Input for this task START

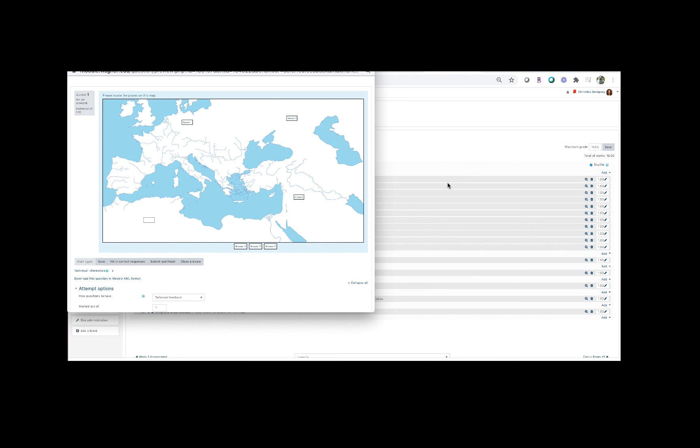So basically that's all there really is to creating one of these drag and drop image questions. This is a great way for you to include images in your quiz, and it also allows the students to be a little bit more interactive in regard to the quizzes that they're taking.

Input for this task END
Input for this task START

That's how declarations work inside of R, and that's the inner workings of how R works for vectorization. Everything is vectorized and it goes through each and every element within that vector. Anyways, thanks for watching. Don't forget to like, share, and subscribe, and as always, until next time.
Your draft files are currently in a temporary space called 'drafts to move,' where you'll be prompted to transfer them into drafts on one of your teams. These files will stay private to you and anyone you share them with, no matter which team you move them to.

Input for this task END

◆ **Required work**:
Check each line of the entries above for the string "share", and return those that contain it.

◆ **Solution for this exercise**:
That's how declarations work inside of R, and that's the inner workings of how R works for vectorization. Everything is vectorized and it goes through each and every element within that vector. Anyways, thanks for watching. Don't forget to like, share, and subscribe, and as always, until next time.
Your draft files are currently in a temporary space called 'drafts to move,' where you'll be prompted to transfer them into drafts on one of your teams. These files will stay private to you and anyone you share them with, no matter which team you move them to.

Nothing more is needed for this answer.